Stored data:
______________________________

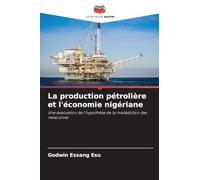 La production pétrolière et l'économie nigériane: Une évaluation de l'hypothèse de la malédiction des ressources
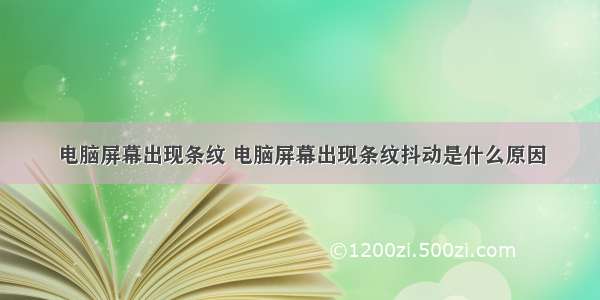 电脑屏幕出现条纹 电脑屏幕出现条纹抖动是什么原因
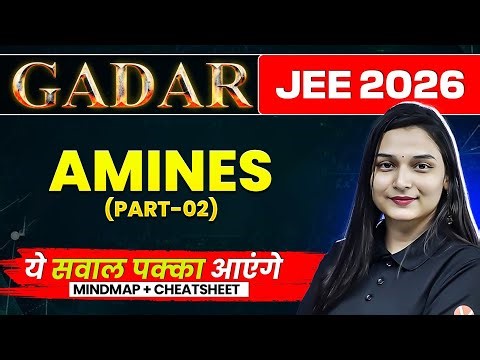 AMINES - THEORY + PYQs + MINDMAP FOR CLASS 12 JEE CHEMISTRY | GADAR 2026 | SHILPI MAM #2
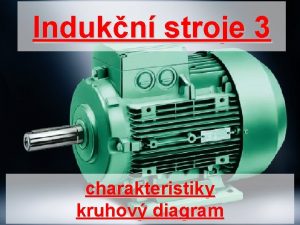 Indukn stroje 3 charakteristiky kruhov diagram Moment induknho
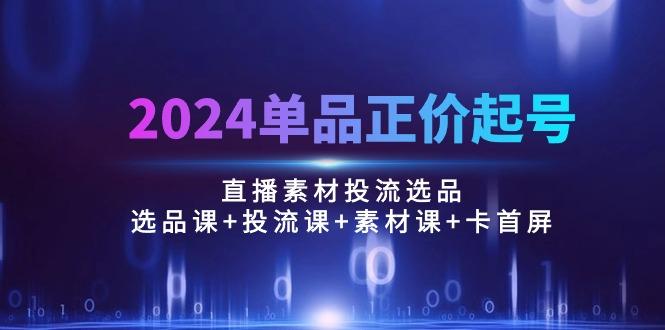 2024单品正价起号,直播素材投流选品:选品课+投流课+素材课+卡首屏/100节-副业团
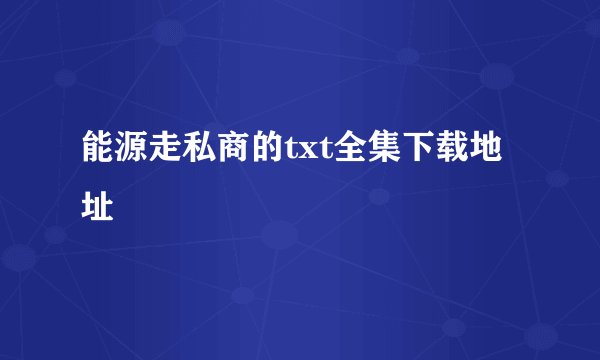 能源走私商的txt全集下载地址
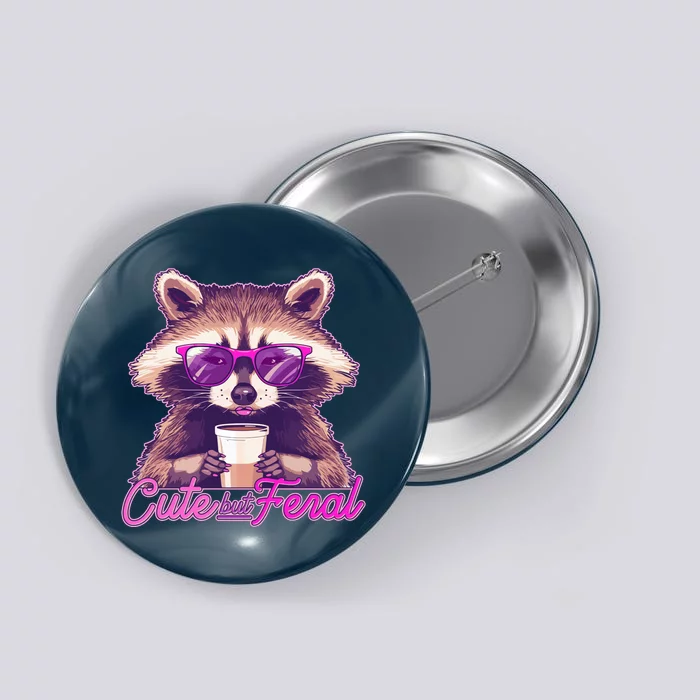 Funny Cute But Feral Coffee Raccoon Button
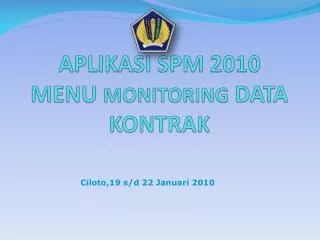 aplikasi spm 20 10 menu monitoring data kontrak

______________________________

Pictures are to be left out, while the records are copied word for word.

ANSWER BOX:
 La production pétrolière et l'économie nigériane: Une évaluation de l'hypothèse de la malédiction des ressources
 电脑屏幕出现条纹 电脑屏幕出现条纹抖动是什么原因
 AMINES - THEORY + PYQs + MINDMAP FOR CLASS 12 JEE CHEMISTRY | GADAR 2026 | SHILPI MAM #2
 Indukn stroje 3 charakteristiky kruhov diagram Moment induknho
 2024单品正价起号,直播素材投流选品:选品课+投流课+素材课+卡首屏/100节-副业团
 能源走私商的txt全集下载地址
 Funny Cute But Feral Coffee Raccoon Button
 aplikasi spm 20 10 menu monitoring data kontrak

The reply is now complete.